How does the Fiscal Deficit harm the economy?

  • Crowding out Private Investment
    • Higher levels of fiscal deficit imply that the government eats into the pool of investible funds in the market.
    • These funds could have been used by the private sector for its own investment needs.
    • This is counterproductive to the government’s initiatives to kickstart the economy to create a self-sustaining cycle of private financial investment.
  • Reduces the pool for Capital Expenditure
    • Usually, a fiscal deficit is undertaken to meet the revenue expenditure (to meet short-term needs) and hence more productive expenditure (capital expenditure) takes a back seat.
    • Capex has a much bigger multiplier effect on the overall GDP growth than revenue expenditure.
    • Reduction in Capex also denies the economy the potential growth it could have achieved.
  • Dilutes the macroeconomic stability
    • This can cause capital flight (FPI investors leaving the nation) due to negligence of the government to make sound economic policy decisions.

What is a Current Account Deficit (CAD)?

  • It is a scenario where the net imports of goods and services trump their net exports.

What is a Current Account and what are its components?

  • Current Account refers to the account which includes non-capital assets and their transactions like trade in goods and services, remittances, etc.
  • It has 2 components:
    • Import and Export of goods — this is the “trade account”.
    • Import and Export of services — this is called the “Invisibles account”.
  • If a country imports more goods (cars, phones, machinery, food grains etc) than it exports, it is said to have a trade account deficit.
    • A deficit implies that more money is going out of the country than coming in via the trade of physical goods.
    • This would lead to the depreciation of the country’s currency.
    • Depreciation means that the value of the national currency over other international currencies will decrease.
  • Similarly, the same country could be earning a surplus on the Invisibles account — that is, it could be exporting more services than importing.
  • If the net of the trading account and Invisibles account turns out to be negative, then an economy is said to have undergone CAD.

What is the issue with CAD in an economy?

  • Fuel Inflation rises
    • CAD depreciates the rupee, causing imports to become expensive.
    • As India is an oil-importing nation, with CAD, Fuel inflation increases.
  • Commodity inflation rises
    • India also imports other goods like Gold, Asafoetida, machinery and other capital goods.
    • The prices of these will rise and will cause a rise in prices of subsequent production prices, causing Cost-Push Inflation.

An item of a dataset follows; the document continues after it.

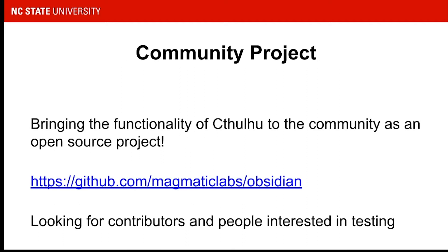That brings me to my shameless plug for a community project. For a very long time I've wanted to take the Cthulhu system, which is very localized to NC State, and bring it out into the WordPress community at large so that other people can take advantage of it. This is the start of that community project — it's on GitHub at github.com/magnetic-labs/obsidian. I'm awkward with names so that is what it is for now, and I'm open to suggestions.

Other Concerns regarding Balance of Payment

  • Due to the rise in interest rates in the west, Foreign Portfolio Investors will prefer to invest away from Indian Market, causing capital flight.
  • This would cause a reduction in the Capital Account, which can further cause a reduction in the balance of payment as it might not be able to offset the CAD.

Way Forward

  • Fighting Fiscal Deficit
    • The report underscores the need to trim revenue expenditure (or the money government spends just to meet its daily needs).
    • This will help in supporting Capital Expenditure.
    • And it will also help in avoiding Fiscal Slippages.
  • Fighting Current Account Deficit
    • Export competitiveness must be increased.
    • Opportunities for Agri-export which have arisen due to the recent Ukrain-Russian War must be utilised.
    • The export of Services which is India’s inherent strength must be included in the Free trade agreements.

Source: Indian Express

Mains Question:

Q. India is facing twin deficit problem that would hamper its growth prospects. Discuss the problem and suggest suitable measures to deal with the problem.